Off the record: Buildings in oblivion

  • About this Talk
  • The contextualization of the architectural aspect of cultural heritage connects us to the city’s history; taking into consideration the value of old buildings for the aesthetic aspect of the city. Without putting aside these structures, they play a role in creating the feeling of belonging and connection to the past. The buildings that once marked the main points of Prishtina, today are wrapped in oblivion. This oblivion becomes active, especially when these buildings’ fates are determined by processes begun with big words and promises of revitalization, but end up being the opposite: Going toward degradation and even extinction. 

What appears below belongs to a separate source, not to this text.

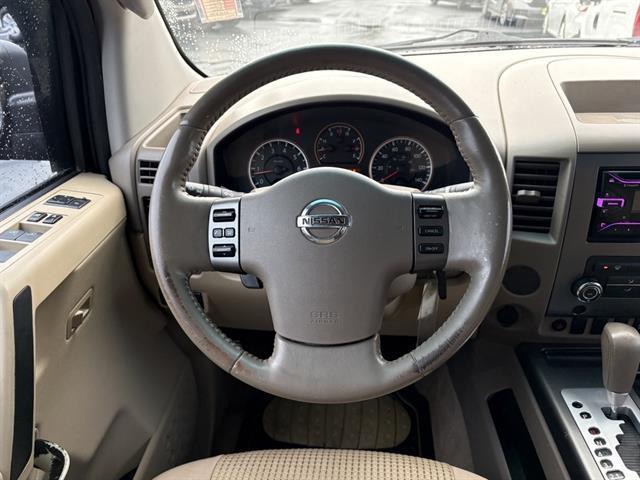 used 2010 Nissan Titan car, priced at $8,865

    For many years, Kino Rinia, the Grand Hotel, and the Rilindja building, have been victims of these fates. But, these buildings are not only a collection of bricks. They are identity markers of the city and its inhabitants, our past, our collective memory — and where — not only the past stands, but the present and future are built every day.

    Abandoned, degraded, unused, and turned into many judicial letters, documents and bureaucratic processes, the spaces that once united citizens and welcomed their liveliness — risk extinction. While more than a few of them do not even resemble what they once were, be it their physical appearance or function. 

    When oblivion accelerates and care toward these buildings slows down — their fate is held by a thread. So in our attempts to face this oblivion, on June 11 at 18:00, Kosovo 2.0, Shtatëmbëdhjetë, and Kino Armata, are organizing the conversation “Off the Record: Buildings in oblivion.”

    This conversation comes as part of a series of conversations, “Off the Record” that Shtatëmbëdhjetë began last year within the Metamorphosis project. Additionally, this activity is organized simultaneously with the publication of the multimedia story, “The Ghosts of Privatization” by K2.0 within the “Citizens Engage” project, financed by the European Union Office in Kosovo, implemented in partnership with GAP Institute. This is only the start of a chain of activities on this topic.